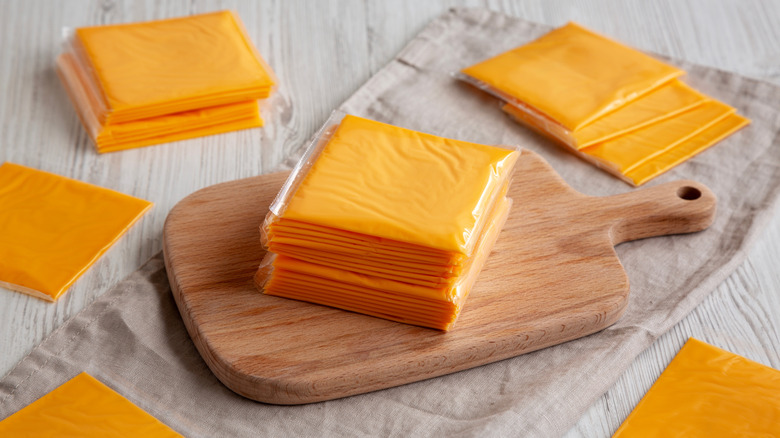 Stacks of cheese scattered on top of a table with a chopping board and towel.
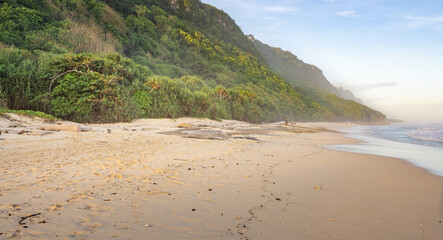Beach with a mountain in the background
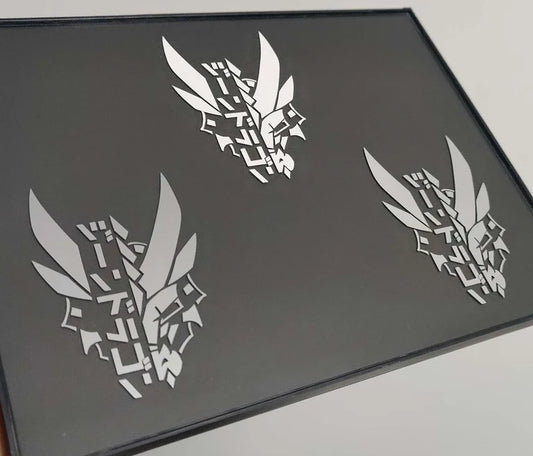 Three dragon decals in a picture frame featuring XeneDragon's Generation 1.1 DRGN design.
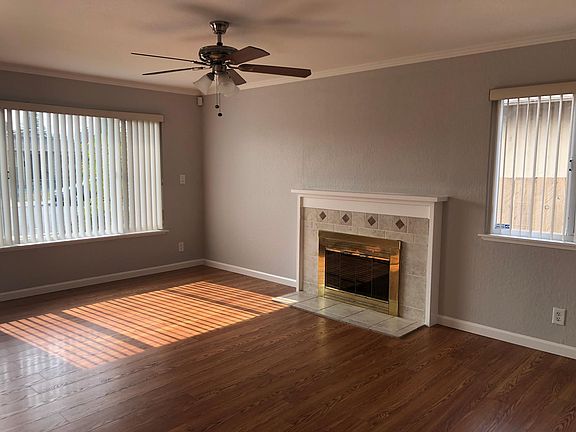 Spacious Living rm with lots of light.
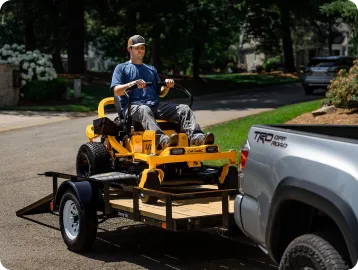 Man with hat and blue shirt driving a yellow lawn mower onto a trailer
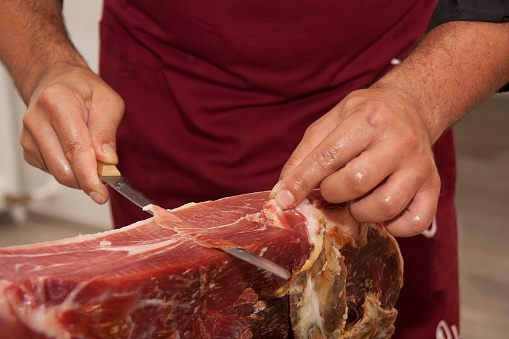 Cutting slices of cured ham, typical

— Exercise goal —
An exact, word-for-word copy of the records is expected, with no pictures in it.

— Result of the exercise —
 Stacks of cheese scattered on top of a table with a chopping board and towel.
Beach with a mountain in the background
 Three dragon decals in a picture frame featuring XeneDragon's Generation 1.1 DRGN design.
 Spacious Living rm with lots of light.
 Man with hat and blue shirt driving a yellow lawn mower onto a trailer
 Cutting slices of cured ham, typical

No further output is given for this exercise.